+++ Input data
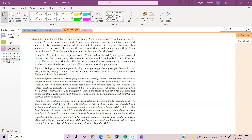Hi guys, welcome back to a new iMons video. In this video we'll be talking about the hardest question on iMons 2 last year, which is the senior paper problem 6.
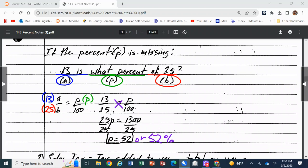Any questions about using the percent proportion to find the part, the whole, or the percent? You divide by whichever term has the variable. Bad news — this is the easiest part of this lesson. The percent section is probably one of the hardest ones in the class, so we're just getting it out of the way now.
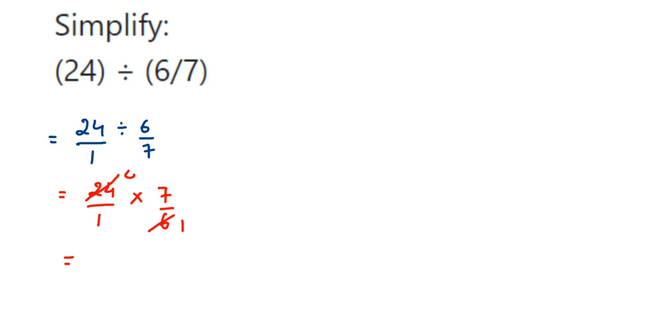The numbers left are 4 and 7 in the numerator, so multiply: 4 × 7 = 28. In the denominator we have 1, so 1 × 1 = 1. So you can write 28/1 or simply 28. That's it.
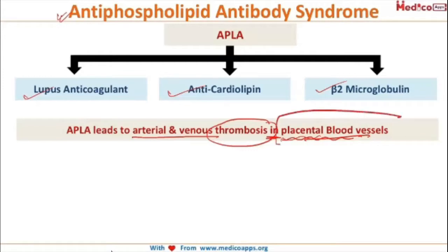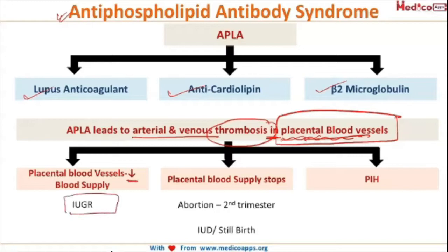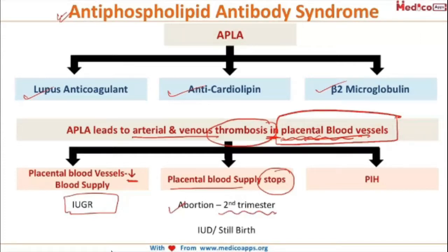If blood supply in the placental vessels is decreased, it leads to IUGR. If the placental blood supply stops and it occurs in the second trimester, it leads to abortions; in the third trimester, it can lead to IUD; and if it occurs during delivery, it leads to stillbirths. It also increases the risk of PIH.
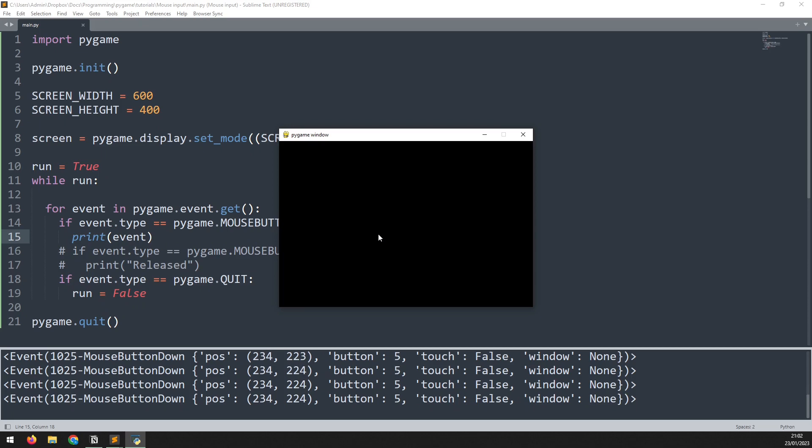Notice however that the detection only happens once. So even though for example right now I'm still holding down the mouse button it has only printed the output of that one time. This is because the event has already happened and to repeat it I would need to release the mouse button and click again as I'm doing here.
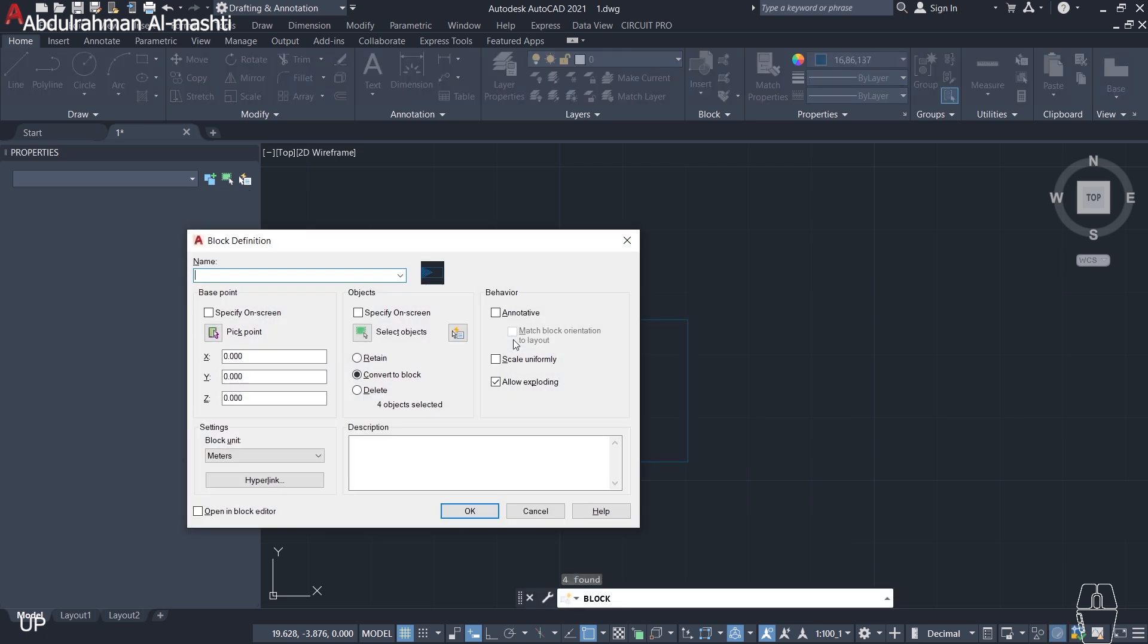First, create the block and name it. Then, in this window, select Pick a Point. Choose the point and make sure it is on the corner.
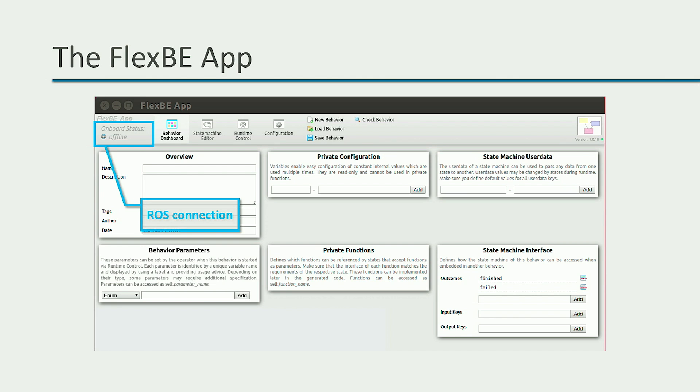When you only open the FlexBE app, it will be offline. This means that you can still develop behaviors but not execute them unless you go online. We will see how to do that when we execute a behavior in the next module.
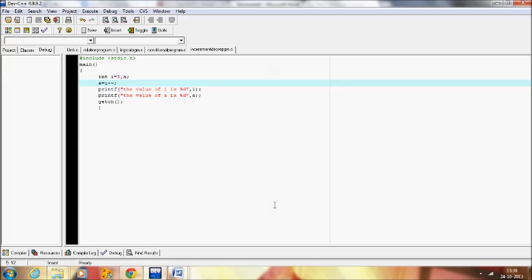So in summary, increment and decrement operators work in two ways: the pre-operator, where the operator comes before the variable, and the post-operator, where it comes after. I hope you understand this clearly. I will meet you in the next video covering the next topic — special operators. Until then, bye.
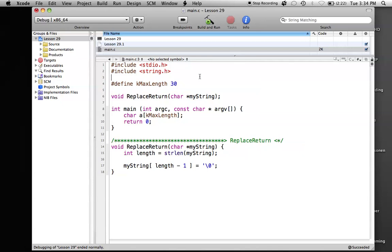Hello everyone, welcome to lesson 29, OC Programming on the Mac. In this tutorial, I'm going to be teaching you how to compare two strings.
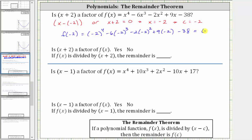Because the function value is zero, if we did divide the function by x plus two, the remainder would be zero. And because the remainder would be zero, we know x plus two is a factor of the polynomial function. So we answer yes, it is a factor.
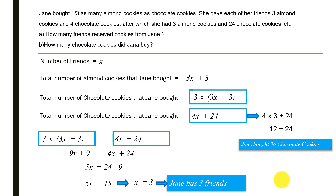We have seen both the model method and the algebraic method of solving this problem. I hope you enjoyed this video and found it useful. If you have any doubts or comments, please put them in the comment section. If you like the video, give a thumbs up, share it with friends if it was useful, and subscribe to this channel. Thank you very much, have a great day!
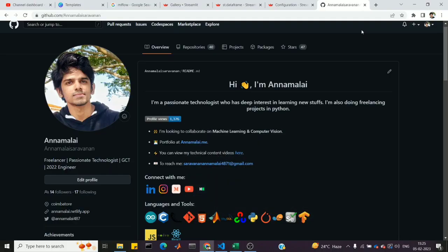Hi friends, welcome to Deep Matrix. In this video I'm going to talk about Streamlit applications. This is the 13th video in the Streamlit series, which has 12 previous videos. In this video I'm going to talk about any components.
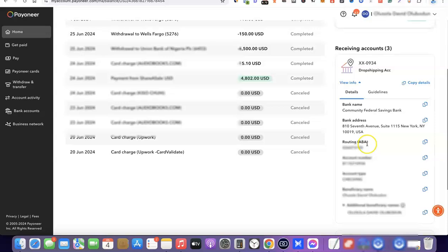That's basically how you create a Payoneer account, add your local bank account, and withdraw your funds to your local currency. If you liked the video please give it a thumbs up, and if you haven't subscribed yet please subscribe so you can get more videos like this. Thanks for watching — I'll see you in the next one.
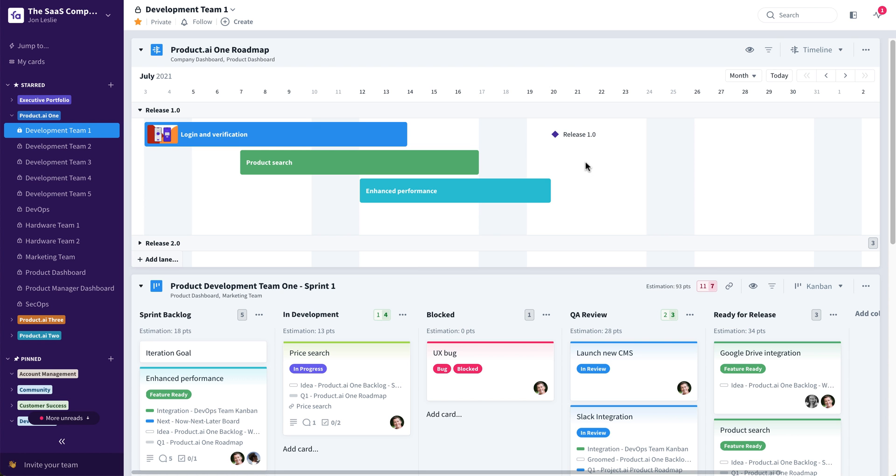Hi, this is John Leslie, VP Product and Agile Advisory at Favro, and I'm going to show you a couple of the newly released features relative to timelines and road mapping in Favro.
++++++
» Exercise directions: Each entry is to be output exactly, and no picture is to appear.

» Result of the exercise:
Hi guys, welcome back to a new iMons video. In this video we'll be talking about the hardest question on iMons 2 last year, which is the senior paper problem 6.
Any questions about using the percent proportion to find the part, the whole, or the percent? You divide by whichever term has the variable. Bad news — this is the easiest part of this lesson. The percent section is probably one of the hardest ones in the class, so we're just getting it out of the way now.
The numbers left are 4 and 7 in the numerator, so multiply: 4 × 7 = 28. In the denominator we have 1, so 1 × 1 = 1. So you can write 28/1 or simply 28. That's it.
If blood supply in the placental vessels is decreased, it leads to IUGR. If the placental blood supply stops and it occurs in the second trimester, it leads to abortions; in the third trimester, it can lead to IUD; and if it occurs during delivery, it leads to stillbirths. It also increases the risk of PIH.
Notice however that the detection only happens once. So even though for example right now I'm still holding down the mouse button it has only printed the output of that one time. This is because the event has already happened and to repeat it I would need to release the mouse button and click again as I'm doing here.
First, create the block and name it. Then, in this window, select Pick a Point. Choose the point and make sure it is on the corner.
When you only open the FlexBE app, it will be offline. This means that you can still develop behaviors but not execute them unless you go online. We will see how to do that when we execute a behavior in the next module.
So in summary, increment and decrement operators work in two ways: the pre-operator, where the operator comes before the variable, and the post-operator, where it comes after. I hope you understand this clearly. I will meet you in the next video covering the next topic — special operators. Until then, bye.
Hello everyone, welcome to lesson 29, OC Programming on the Mac. In this tutorial, I'm going to be teaching you how to compare two strings.
Because the function value is zero, if we did divide the function by x plus two, the remainder would be zero. And because the remainder would be zero, we know x plus two is a factor of the polynomial function. So we answer yes, it is a factor.
We have seen both the model method and the algebraic method of solving this problem. I hope you enjoyed this video and found it useful. If you have any doubts or comments, please put them in the comment section. If you like the video, give a thumbs up, share it with friends if it was useful, and subscribe to this channel. Thank you very much, have a great day!
Hi friends, welcome to Deep Matrix. In this video I'm going to talk about Streamlit applications. This is the 13th video in the Streamlit series, which has 12 previous videos. In this video I'm going to talk about any components.
That's basically how you create a Payoneer account, add your local bank account, and withdraw your funds to your local currency. If you liked the video please give it a thumbs up, and if you haven't subscribed yet please subscribe so you can get more videos like this. Thanks for watching — I'll see you in the next one.
Hi, this is John Leslie, VP Product and Agile Advisory at Favro, and I'm going to show you a couple of the newly released features relative to timelines and road mapping in Favro.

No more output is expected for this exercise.